**Work request**
Begin at the line containing "Used Volkswagen Tharu" in the records below, end at the line containing "Køb L'Oréal Infallible", and retype each line in that span exactly. No other line and no image should appear.

**Data for this exercise**
########
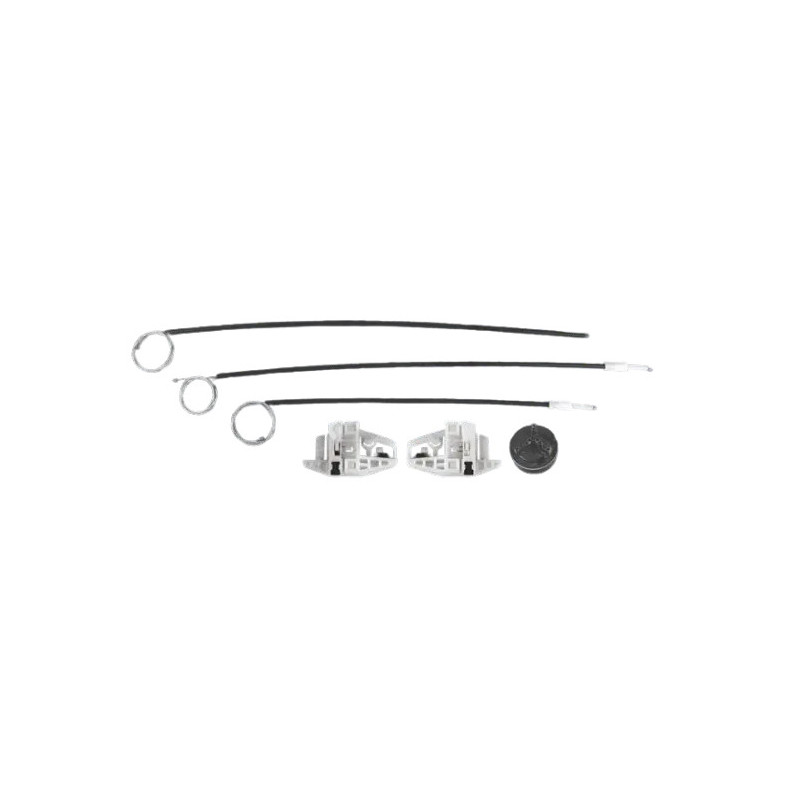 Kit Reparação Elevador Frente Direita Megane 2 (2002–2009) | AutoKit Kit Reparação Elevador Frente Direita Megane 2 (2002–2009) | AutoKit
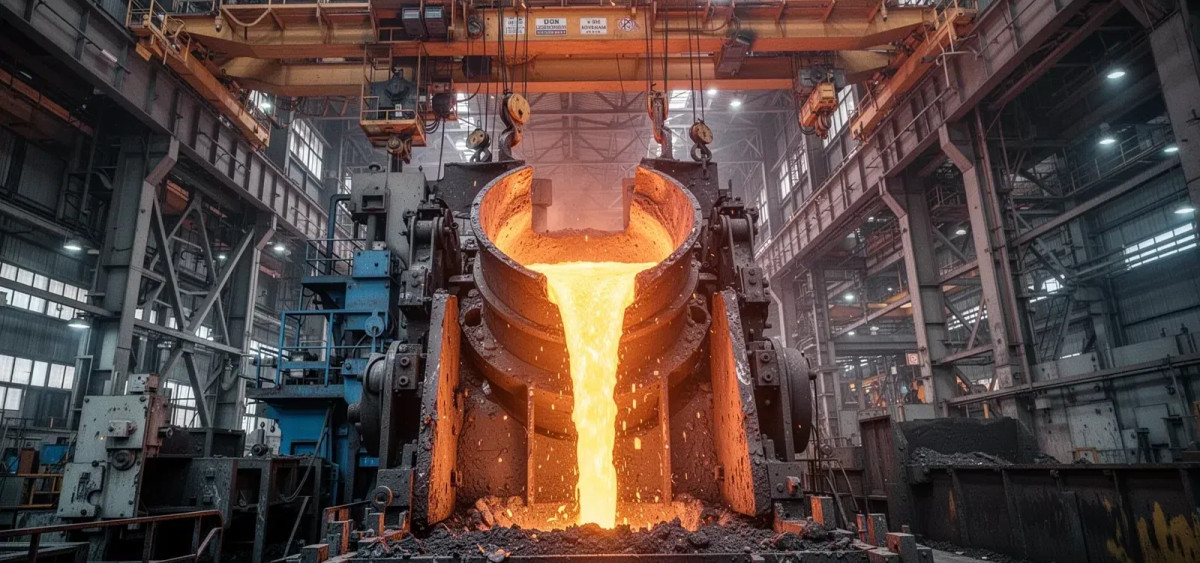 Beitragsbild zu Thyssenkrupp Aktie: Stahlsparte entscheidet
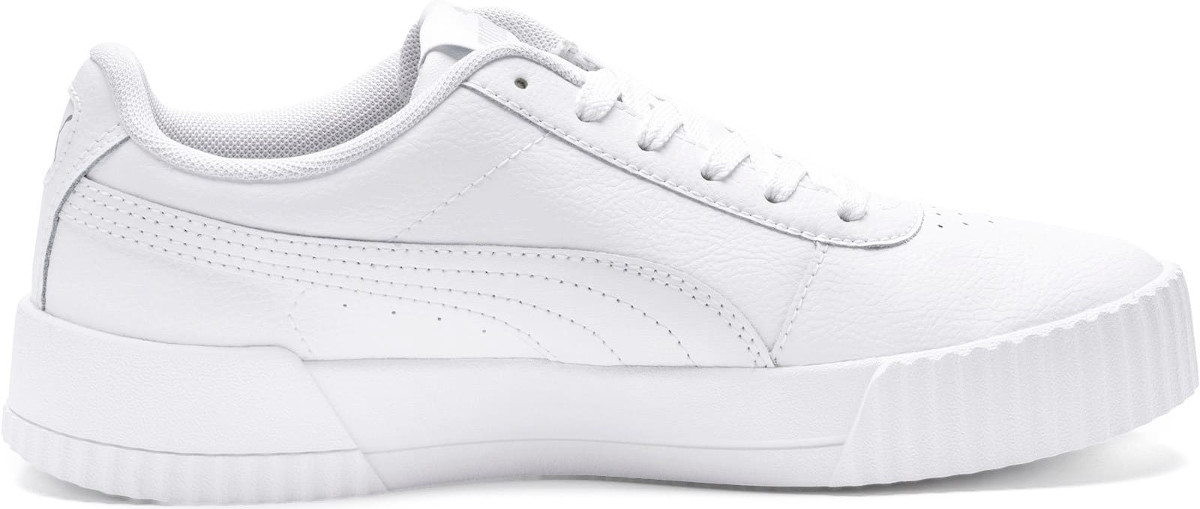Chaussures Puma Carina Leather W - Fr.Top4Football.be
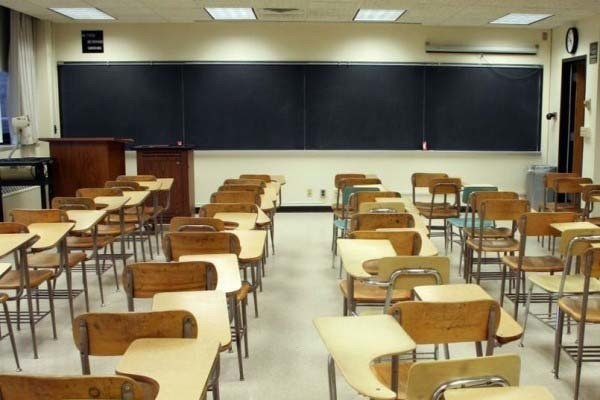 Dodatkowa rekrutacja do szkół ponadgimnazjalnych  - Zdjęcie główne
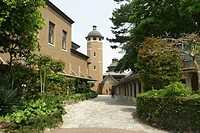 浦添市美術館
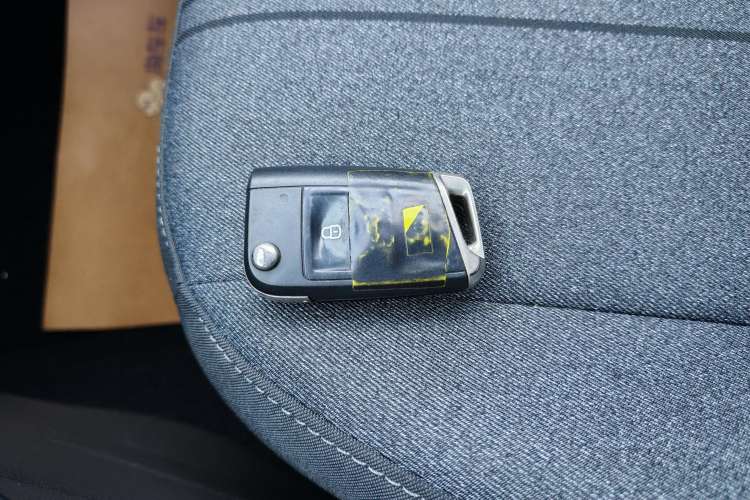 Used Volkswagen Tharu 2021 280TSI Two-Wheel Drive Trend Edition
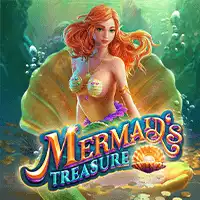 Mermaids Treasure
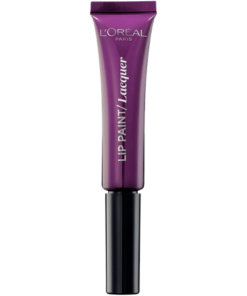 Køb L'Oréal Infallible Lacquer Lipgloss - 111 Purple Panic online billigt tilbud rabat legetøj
########
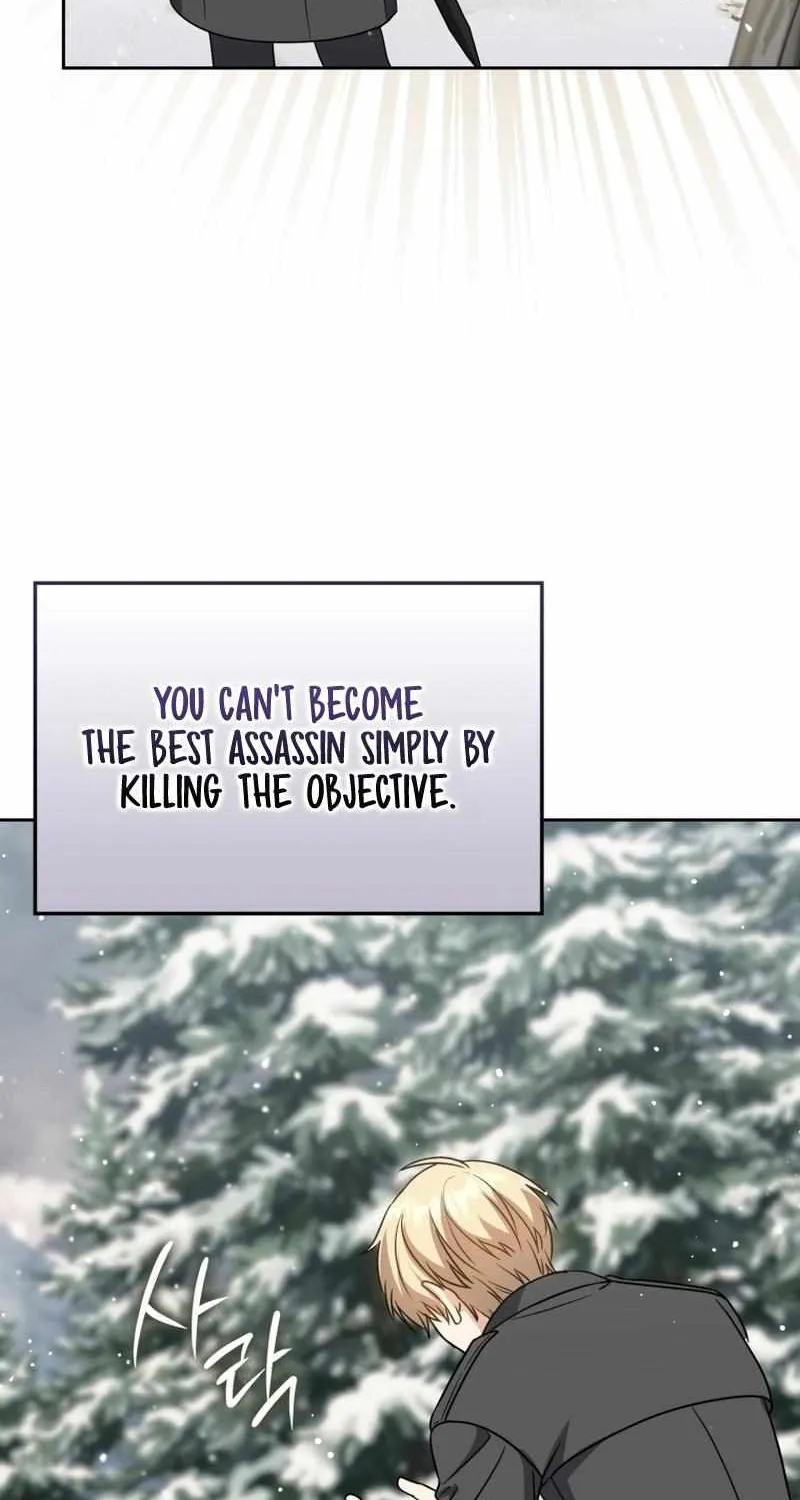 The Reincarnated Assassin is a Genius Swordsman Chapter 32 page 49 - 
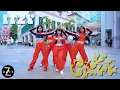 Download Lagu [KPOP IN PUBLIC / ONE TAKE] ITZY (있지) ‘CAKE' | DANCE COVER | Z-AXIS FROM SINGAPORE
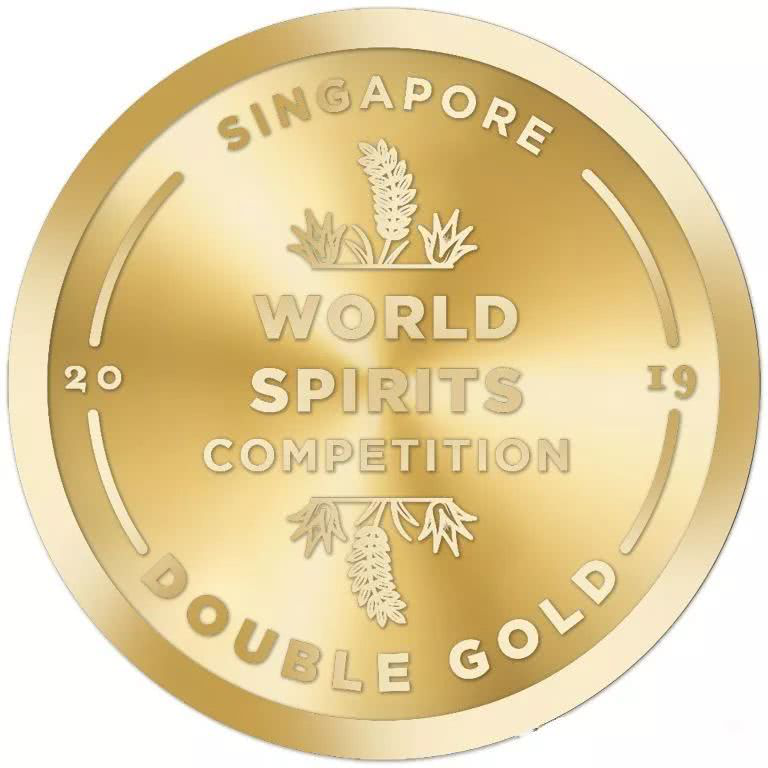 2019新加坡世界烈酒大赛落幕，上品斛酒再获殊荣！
########
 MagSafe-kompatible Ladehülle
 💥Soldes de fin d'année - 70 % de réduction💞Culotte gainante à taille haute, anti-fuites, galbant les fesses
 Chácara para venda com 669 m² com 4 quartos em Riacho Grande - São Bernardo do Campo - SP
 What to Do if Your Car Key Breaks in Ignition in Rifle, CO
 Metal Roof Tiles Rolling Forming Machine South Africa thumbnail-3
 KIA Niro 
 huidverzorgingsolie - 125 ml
########
**Output of the exercise**
 Used Volkswagen Tharu 2021 280TSI Two-Wheel Drive Trend Edition
 Mermaids Treasure
 Køb L'Oréal Infallible Lacquer Lipgloss - 111 Purple Panic online billigt tilbud rabat legetøj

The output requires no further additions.